The router is set to a 10:1 slope and uses a laminate trimmer bit.

The scarfing jig I've devised may be the simplest and cheapest method I've come across so far. I began by taking a Ryobi TRU 30 laminate trimmer. When I bought this laminate trimmer several years ago, it was being promoted as a baby router and came with an edging attachment. I find that the laminate trimmer, when used with a straight bit with a pilot wheel on the end is the ideal tool for trimming aircraft plywood without it splintering. The edging adapter is basically a metal flange that is perpendicular to the base of the router and parallel to the cutting edge of a straight cutter, that allows you to precisely control the depth of the cut.

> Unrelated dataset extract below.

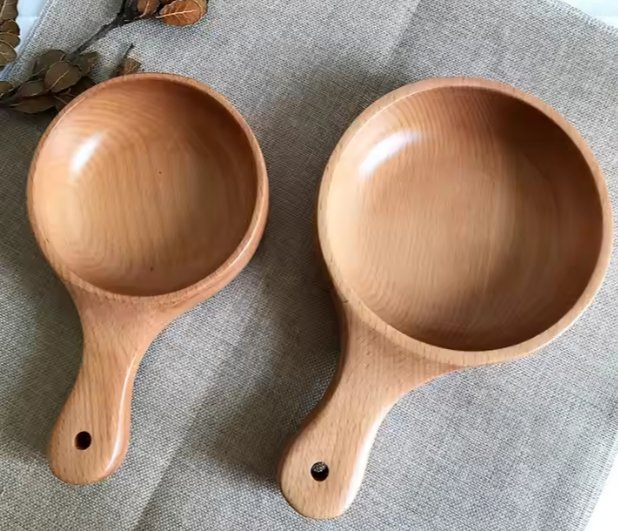 Деревянная салатница с ручкой из бамбука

I have been making 10 to 1 scarf joints, so I took a piece of scrap 1/4" plywood and glued to one end of it a strip of aircraft plywood that had been scarfed by hand to 10 to 1. I bolted this to the flange of the edging adapter. This tips the laminate trimmer so that it cuts with a 10 to 1 slope. I use a Bosch 3-flute router bit with a pilot wheel on one end, which I chose because it has cutting surfaces that are over an inch long.

To use this contraption, I take the board that is going to be scarfed and measure how wide the scarf joint ought to be. I adjust the depth of the router bit to the width of the scarf joint, and adjust the depth of the cut up or down until the pilot wheel just barely contacts the surface of the board being scarfed.

Basically what I've created is a narrow motorized plane that is tipped so it cuts a 10 to 1 slope. Because the edge of the plywood becomes fairly flimsy as you cut it, I clamp the entire piece of plywood that I am scarfing to a piece of scrap one-by-four so that the router base has something solid to bear against. Because the router base is tipped 5.7° from perpendicular (the arc tangent of 10/1 is 5.7°), I have beveled the edge of the one-by-four so that the fit is better.

Using this setup, I scarfed the four panels for my elevator in about 20 minutes one evening, after first making two passes on some scrap plywood. It seems to work better if you cut from right to left with this particular router combination. You can decide what slope you want to use for your scarf joints by simply changing the slope of the shims between the edger and the scrap piece of 1/4" plywood.